Refurbishment & DevelopmentTake a look at our journey of transforming The Coal Exchange back to it's former glory
The Exchange Hotel’s Development
The Exchange Hotel will soon open its doors to the public for the very first time, allowing guests to explore this beautiful building that was once so influential to the world’s coal exportation industry.
Not only do we endeavour to provide luxurious, comfortable accommodation that ensures our guests have an enjoyable stay with us, but provides an insight into the city and building’s remarkable history. At The Exchange Hotel, we want to retell the Grade II listed building’s stories, so you come away from a stay learning a little bit more about the Welsh capital city.
Before Signature Living acquired The Exchange Hotel, this historic property was subject to disrepair, which is why the hotel’s owner, Lawrence Kenwright, was so passionate to restore this amazing venue. After restoring properties in Liverpool, including RMS Titanic’s port of registry 30 James Street, Lawrence turned his attentions to The Coal Exchange, which was in desperate need of restoration.
The Exchange Hotel is, however, so much more than a celebration of times gone by, as the hotel will help to push Cardiff into the future through improved tourism and job creation, as more than 200 full-time, part-time and temporary jobs have been created for the 180,000 sq ft project. We have hired a team of experienced, dedicated architects, builders, electricians, plumbers, painters and more, who will each strive create a magnificent hotel that will surpass expectation. We will also help restore the venue, which will create a landmark that demands to be explored.

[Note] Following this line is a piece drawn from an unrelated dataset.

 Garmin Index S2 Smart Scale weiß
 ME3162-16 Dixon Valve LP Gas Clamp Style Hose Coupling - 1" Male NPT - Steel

We do not want to change the building. In fact, we are working alongside an appointed expert to ensure the property’s original features are preserved, so guests can experience the building as it was designed to be visited.
The hotel, spa and wedding venue will also feature a heritage area, which will be dedicated to The Coal Exchange’s illustrious history, including the First World War memorial in the grand hall. We also hope to introduce a small museum, working alongside community groups, to celebrate the history of the wider Cardiff Bay area.
The first phase of the development has already began, focusing on the front end of the structure, which will feature hotel rooms and a brand new reception area.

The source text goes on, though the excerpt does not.